[Saved data entries]
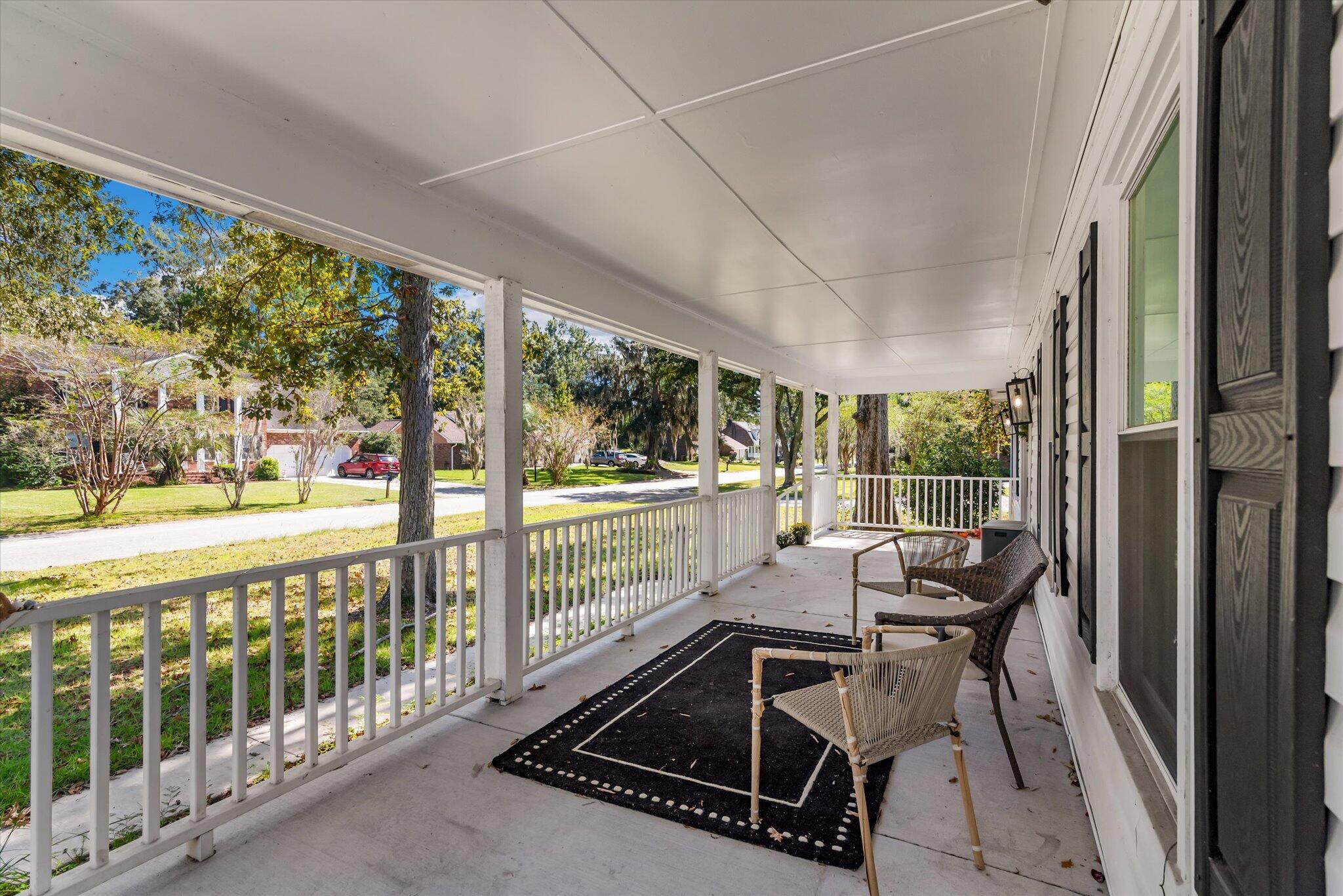 116 Palmetto Bluff Drive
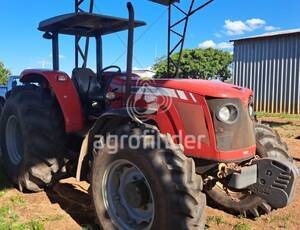 Trator Massey Ferguson 4283 - 17155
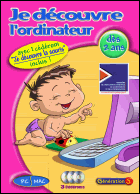 Je Découvre l'Ordinateur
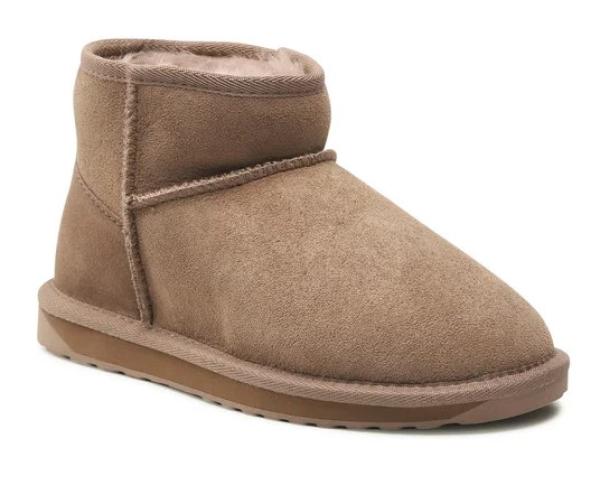 EMU Australia Boots Stinger Micro Chestnut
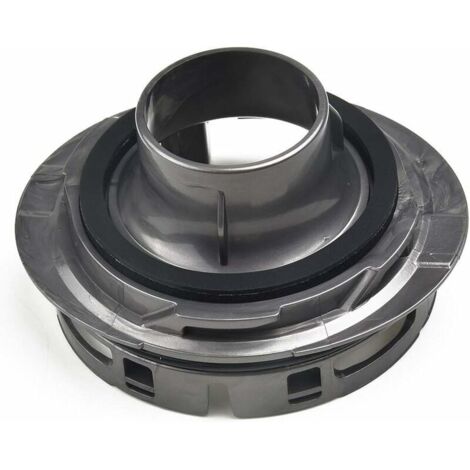 Ersatz-Rückabdeckung kompatibel mit Dyson V7 V8 Staubsaugern (1/5)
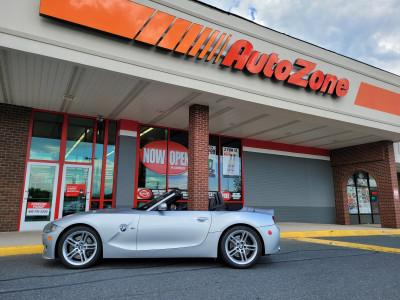 AutoZone Auto Parts, Bel Air, Maryland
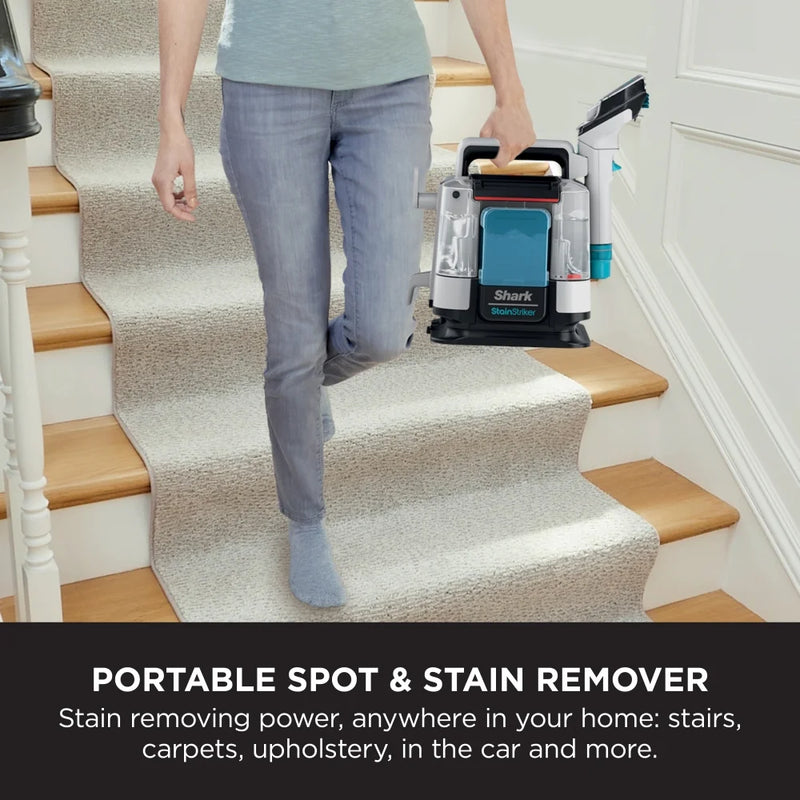 Shark PX200UKT StainStriker Pet Stain & Spot Cleaner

> [PROBLEM]
In the data above, find the line with "Je Découvre l'Ordinateur" and repeat it and every line after it through the end, exactly; leave the pictures out.

> [COMPLETED TASK]
 Je Découvre l'Ordinateur
 EMU Australia Boots Stinger Micro Chestnut
 Ersatz-Rückabdeckung kompatibel mit Dyson V7 V8 Staubsaugern (1/5)
 AutoZone Auto Parts, Bel Air, Maryland
 Shark PX200UKT StainStriker Pet Stain & Spot Cleaner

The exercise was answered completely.